High-performance highly cross-linked networks based on ortho-imide functional mono-benzoxazines containing benzocyclobutene group

Novel 1,3-benzoxazine monomers with ortho -imide and benzocyclobutene functionalities, o HPNI-abcb and o PP-abcb, have been successfully synthesized via Mannich condensation using ortho -imide phenols, 4-aminobenzocyclobutene and paraformaldehyde as starting materials. The chemical structures of synthesized monomers have been confirmed by nuclear magnetic resonance (NMR) spectroscopy, Fourier transform infrared spectroscopy (FT-IR) and elemental analysis . The structural characterization indicates the presence of isomerism in o HPNI-abcb while no such mechanism can be observed in o PP-abcb. The polymerization behaviors of o HPNI-abcb and o PP-abcb have also been systematically studied using differential scanning calorimetry analysis (DSC) and in situ FT-IR. DSC thermograms show three and two separated exothermic peaks for o HPNI-abcb and o PP-abcb, respectively. The difference in exotherms clearly indicates different polymerization mechanisms are involved in the polymerization process of each benzoxazine . Combined with the variations of characteristic bands during curing process in FT-IR spectra, differentiated multiple polymerization mechanisms rather than a single polymerization mechanism as traditional 1,3-benzoxazine resins have been proposed for both benzocyclobutene-containing benzoxazines.
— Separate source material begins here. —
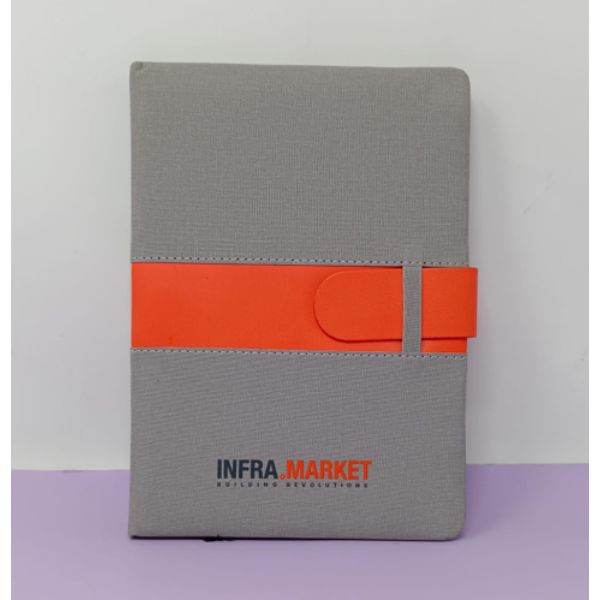 Customized diary with Internal Logo 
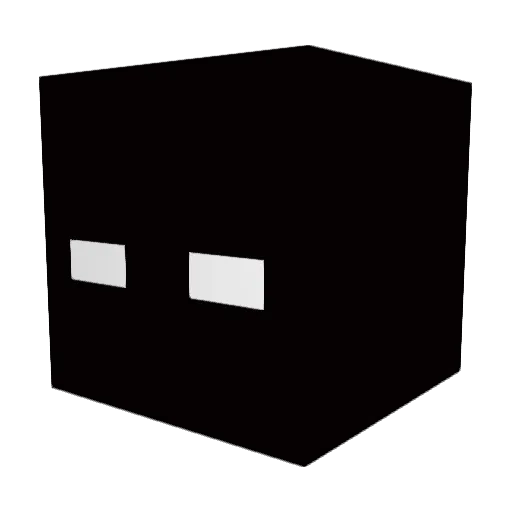 Jssjhsb Minecraft avatar head, 3D render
Moreover, thermal gravimetric analyzer (TGA) and the microscale combustion calorimetry (MCC) are used to evaluate the thermal stability and flammability of their corresponding thermosets . Notably, the resulting thermoset derived from o HPNI-abcb shows excellent thermal stability with T d5 of 405 °C and T d10 of 448 °C, while the thermoset based on o PP-abcb exhibits YC 800 value greater than 60%. Furthermore, both thermosets also possess outstanding flame retardancy in the absence of any antiflammable additives with heat release rate values of 23.5 and 22.1 J/(gK) for poly( o PP-abcb) and poly( o HPNI-abcb), respectively, evidencing their great potential application in high-performance fields.